• From Hansen: "This kid is on the road to greatness, I think. He's that special. But if there's a little kid around, if there's somebody that wants to meet him, he engages that. He takes the time. And that's the kind of person that I'm looking at, more than the baseball player. He's a well-raised young man. Mike Trout loves -- I mean loves -- the competition. But if there's a moment where he can show some humility and some compassion for a young kid, he's going to do it. I've seen it already. That's pretty special, I think."
• From Dempster: "How do you not love this guy, man? I mean, not just numbers-wise, but how he plays. He hits that [489-foot home run in Kansas City] almost over the waterfall in center field, and before it's over the fence, he's almost at second base. In case it miraculously hit a seagull or something, he was not going to be standing there on second. He was going to be on third. I love that about him. You never see him not run hard. He never styles a home run. He never bat-flips it. He always just has so much respect for the game. ... He's just got 'it.' Whatever 'it' is, he's got it."
• From Harang: "A guy with his kind of talent, I mean, it's disgusting. [Laughs]. But it's special, too. You don't get these types of players very often. ... He's fun to watch. He's actually not fun to watch when he's on the other side of the diamond. But all the rest of the games, he's really fun to watch."

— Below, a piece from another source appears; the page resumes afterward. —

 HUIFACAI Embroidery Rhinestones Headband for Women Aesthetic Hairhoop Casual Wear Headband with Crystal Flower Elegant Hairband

• From Bane: "In terms of makeup, he's up there at the top of guys I've drafted and signed. ... When I picture him, I picture him sliding into third, with a look on his face you just don't see very much, that look of sheer pleasure. The last time I saw that look was on the face of Little League kids who were saying, 'Wait till after the game, when we can go get snow cones.'"
But now, as this magical Tuesday evening presents us with yet one more reason to reflect on where Mike Trout is going, it won't be for snow cones. No sir. For this man, unless something unforeseen derails him, there is something way more flavorful ahead.
"Your first instinct," said Wilson, "is to compare guys to him. So you think, 'OK, let me think of the list of comparables.' And it's like every dude [you could compare him to] is in the Hall of Fame. So you want to avoid rushing to that judgment. Because it's so fun just to watch him play, you just want to pick up the popcorn and watch the show.
"Just let him be himself. You don't have to compare him. He'll be good enough himself that everyone is going to want to be the next Mike Trout. [Laughs.] I know I wish I was the next Mike Trout."
So maybe this is the star-spangled night where it hits us. That we're watching the best player on the field -- even though the rest of the men on that field are the best players alive. That we're watching a special talent with a personality to match. That it almost feels as if we're watching some sort of superhero, gliding through life -- and North America's emerald outfields -- on a potentially historic journey.
Now we just need to figure out which superhero he's about to become.
"Right now?" Dempster asked, laughing. "It seems like he'd be Captain America."